Mike Shanahan built his reputation on a knack for discovering running backs. Clinton Portis was one of those finds. Not that Portis was a hidden gem. He was the star running back on the Miami Hurricanes National NCAA championship team. Never-the-less, he was a second round Draft selection by Denver. Pundits did not expect what Portis delivered in 2002 and 2003–3099 yards, 29 touchdowns, 5.5 average yards per carry. Portis was the best fantasy football back in those years. I know because I owned him.
Portis agitated to renegotiate his contract for a deal consistent with first round selectees. Shanahan held that Portis was a system back whose success was due more to his (Shanahan’s) offensive scheme and the zone blocking than to Clinton’s inate skill. Not the last time we would see the pattern of thought from Shanahan that star players are easily replaceable.
Shanahan also craved a shutdown corner and Bailey was the ticket. I suspect Shanahan would have accepted a straight swap of Portis for Bailey without that extra pick.

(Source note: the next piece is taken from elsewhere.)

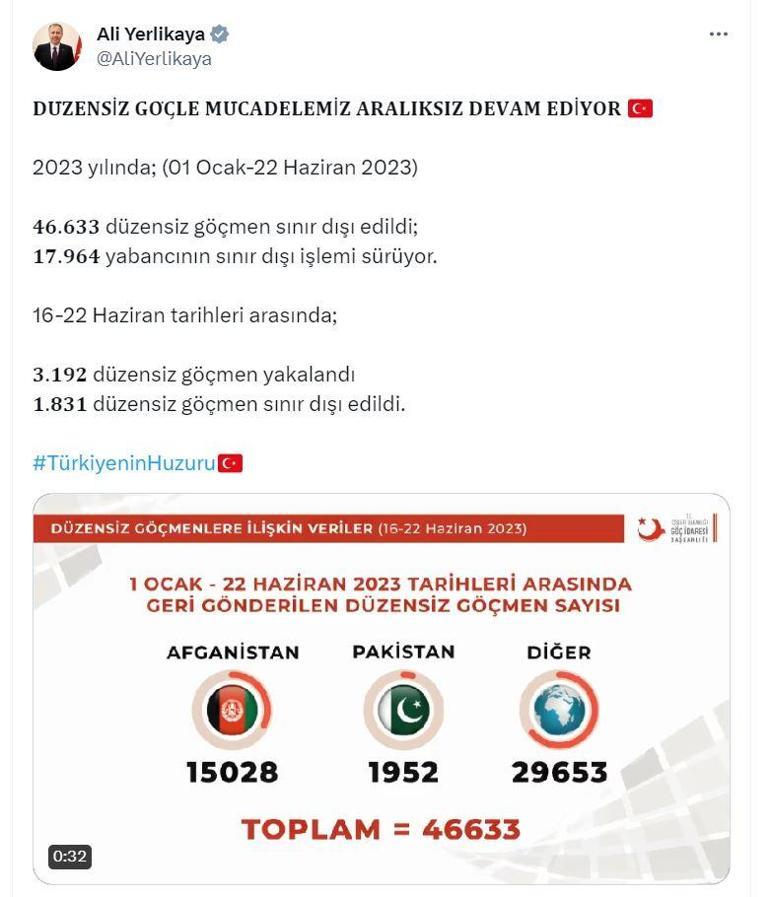 Son dakika... Bakan Yerlikaya: 2023te 46 bin 633 düzensiz göçmen sınır dışı edildi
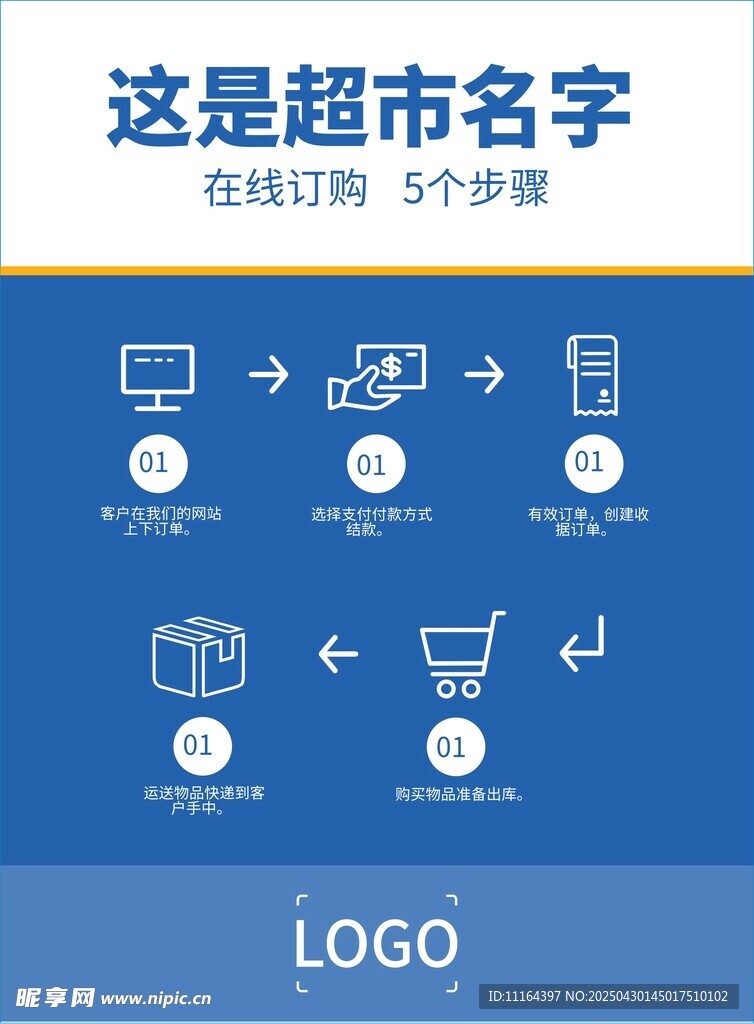 超市服务订购流程步骤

Many fans saw Portis as over-priced goods because Gibbs and Snyder threw in the pick instead of using it.
But wait, there’s more.
Gibbs used Portis as a between-the-tackles power rusher in the mold of John Riggins rather than the slashing edge rusher in Shanahan’s West Coast offense. CP struggled in 2004, but would become Washington second leading rusher after Riggins. He led the team to the 2005 and 2007 playoffs with his rushing prowess.
For all the focus on the quarterbacks, Washington’s failures in 2009 and 2010 has more to do with Portis’ absence by injury than to any shortfall by Jason Campbell or Donovan McNabb.

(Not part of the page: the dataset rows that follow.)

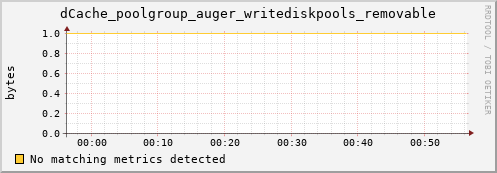 pike15.mgmt.grid.surfsara.nl dCache_poolgroup_auger_writediskpools_removable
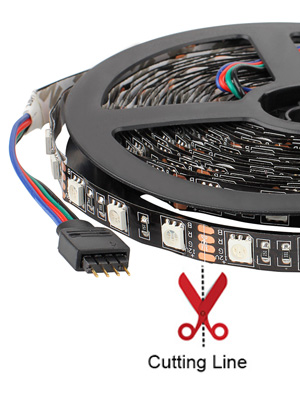 Cuttable and Joinable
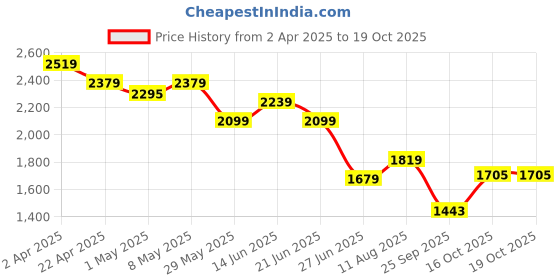 tatacliq.com United Colors of Benetton Orange Textured Top united colors of benetton Price History Graph from 2 Apr 2025 to 17 Oct 2025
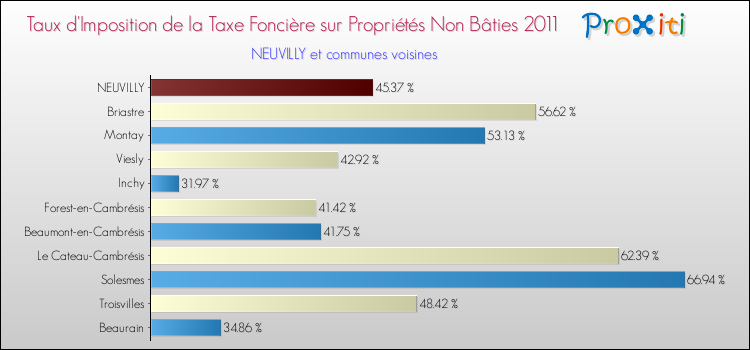 Taux d'imposition de la taxe foncière sur les immeubles et terrains non batis 2011 pour NEUVILLY et les communes proches Comparaison des taux d'imposition de la taxe foncière sur les immeubles et terrains non batis 2011 pour NEUVILLY et les communes voisines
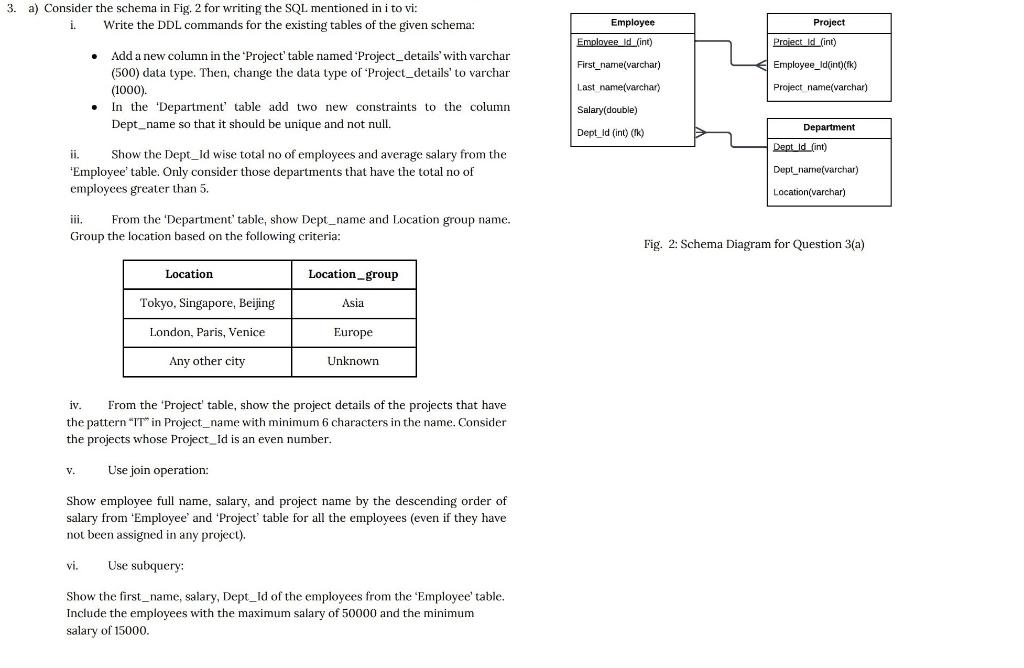A Consider The Schema In Fig 2 For Writing The Sql Mentioned In I To Vi I Write The Ddl Commands For The Existing Ta 1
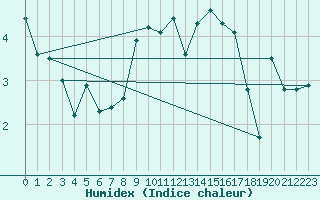 Courbe de l'humidex pour Deva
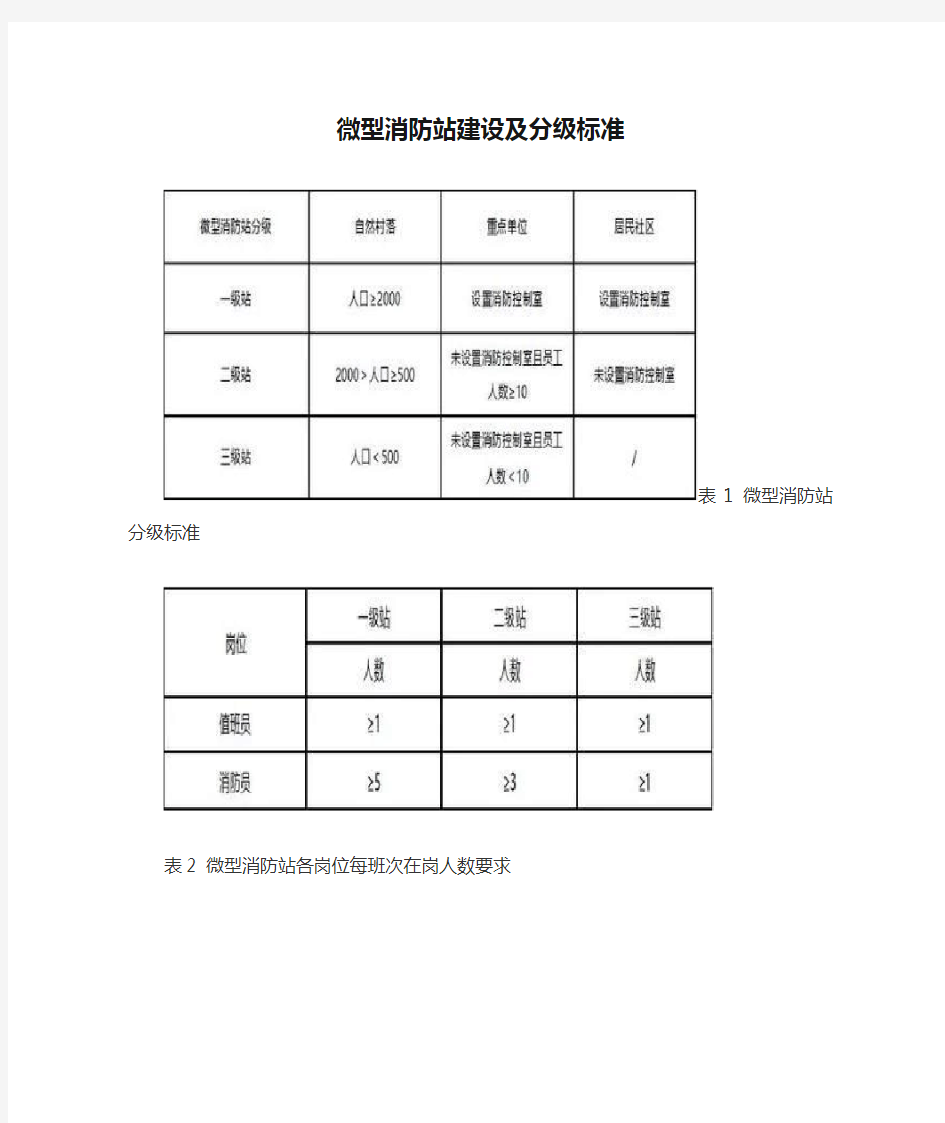 微型消防站建设及分级标准【最新版】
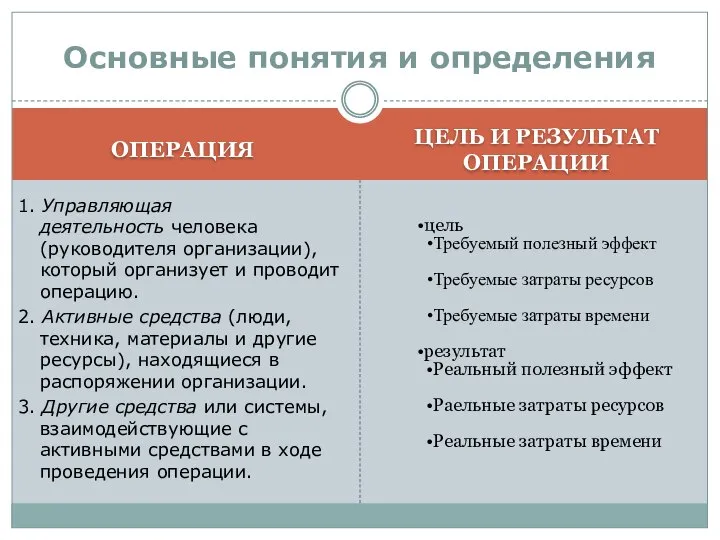 ОПЕРАЦИЯ ЦЕЛЬ И РЕЗУЛЬТАТ ОПЕРАЦИИ 1. Управляющая деятельность человека (руководителя организации),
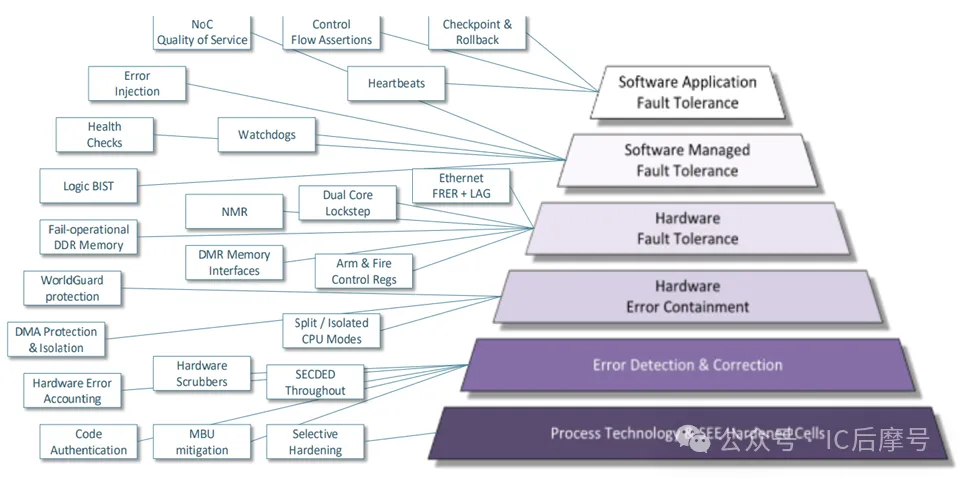 1774577236966701.png NASA HPSC容错体系.png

Runs are important in both Gibbs’ and Shanahan’s offense. At his best, Portis scored once every 32 times he carried the ball. That’s twice as productive as Ladell Betts who replaced him in 2006, and better than Ryan Torain in 2010.
Neither Torain nor any of the young backs Shanahan will turn to has matched Portis prowess as a pass blocker. Washington cannot retool the offensive line in one season. If the back can pass block as well as Portis did, the Redskins can free up Chris Cooley for a pass pattern. Cooley blocking is Cooley wasted.

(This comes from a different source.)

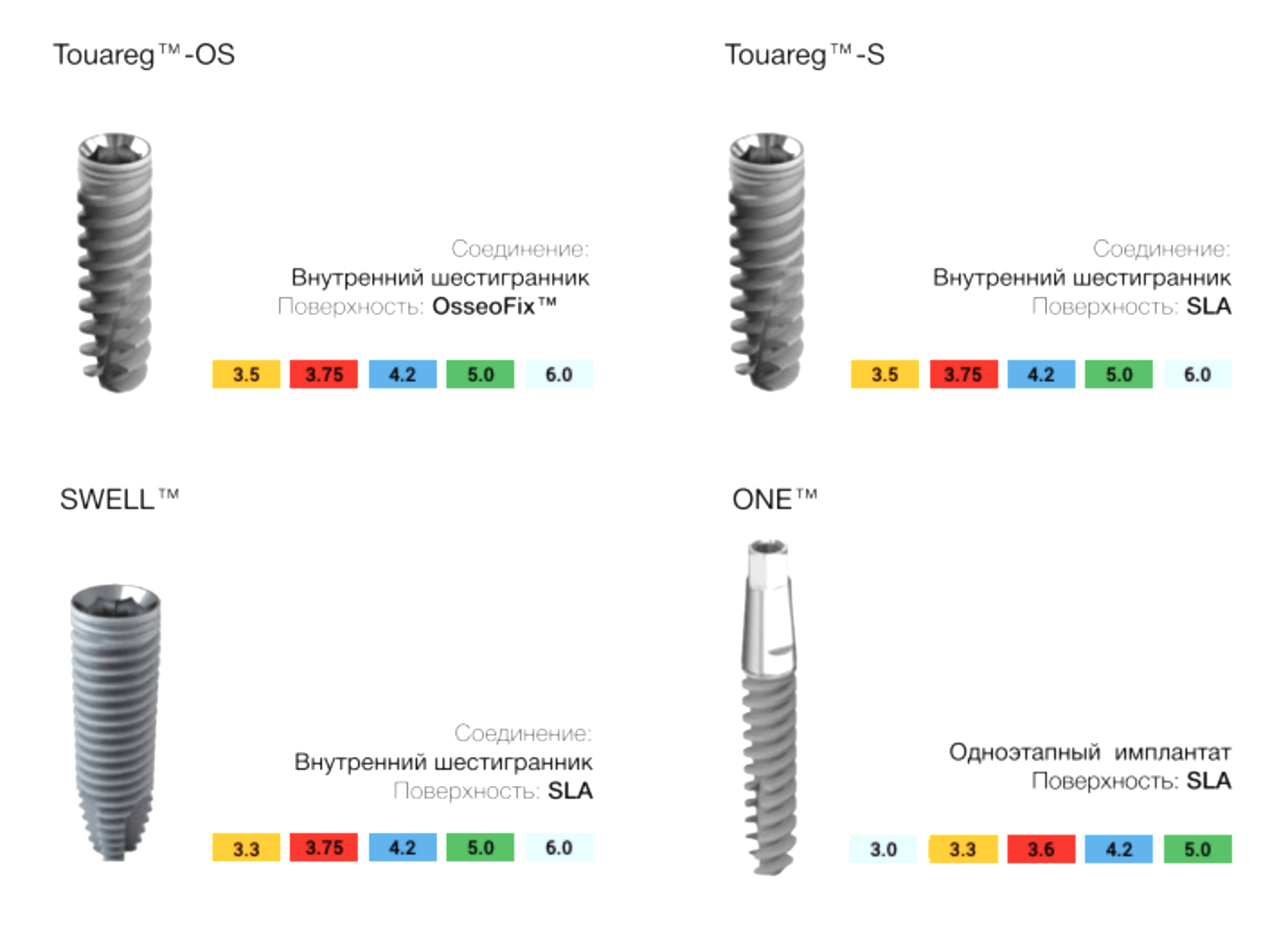 Имплантаты отличаются только производителем, особенностями нарезки и покрытием поверхности. Эти технические характеристики имеют значение для врача, пациенту такие тонкости знать необязательно
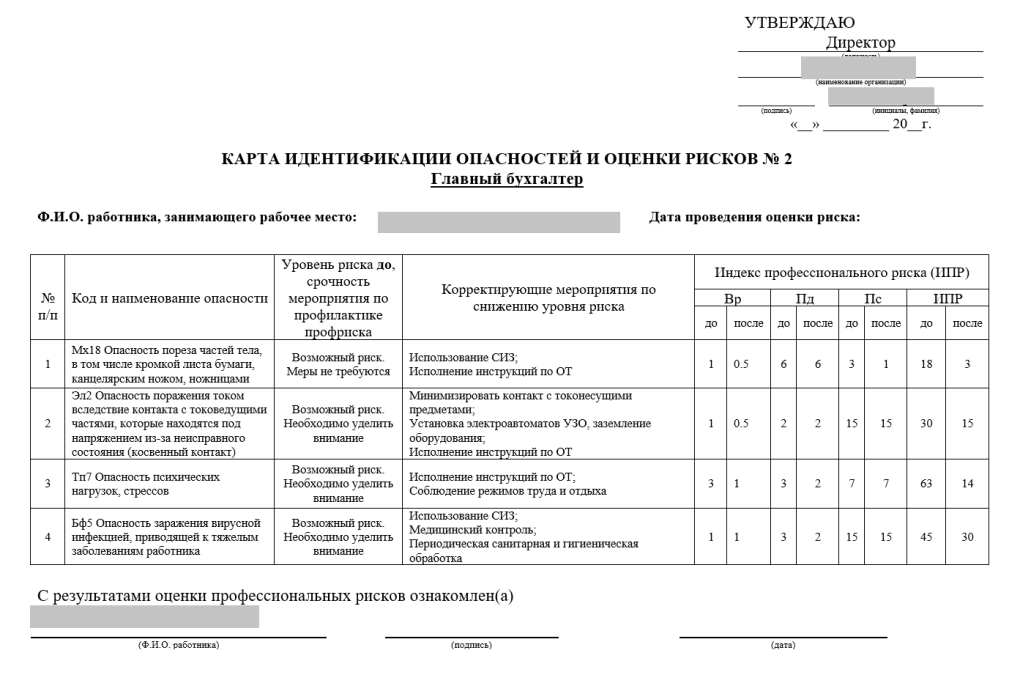 Карта идентификации опасностей и оценки рисков для заведующего ДОУ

Still need runs in a pass first offense
Mike shanahan never won a Super Bowl without John Elway. Elway never won one without Shanahan in three prior tries. Neither won a Super Bowl without strong running by Terrell Davis. Shanahan never won a Super Bowl with Champ Bailey who went to four Pro Bowls as a Bronco, but he might have won with Clinton Portis as lead rusher.
None of the above proves anything, but we Redskins fans hope that no Portis won’t mean no Super Bowl for coach Shanny.
Point after: “Release” doesn’t necessarily mean good-bye. Shanahan says he wants Portis to be free to test the market for his services. He no doubt expects Portis to find a thin market for his services. Portis says he’d like to stay. Long-time players say that kind of thing. Sanatana Moss said the same earlier this month. Both could re-sign with Washington at a lower salary. That would help with the salary cap. Moss and Portis would on the roster would also stand in the way of younger players taking the field.
Whether they leave now, or stay for another season, we are witnessing the sunset of the Joe Gibbs Gang. We owe a debt of gratitude to Portis and Moss, especially for those marvelous playoff runs in 2005 and 2007.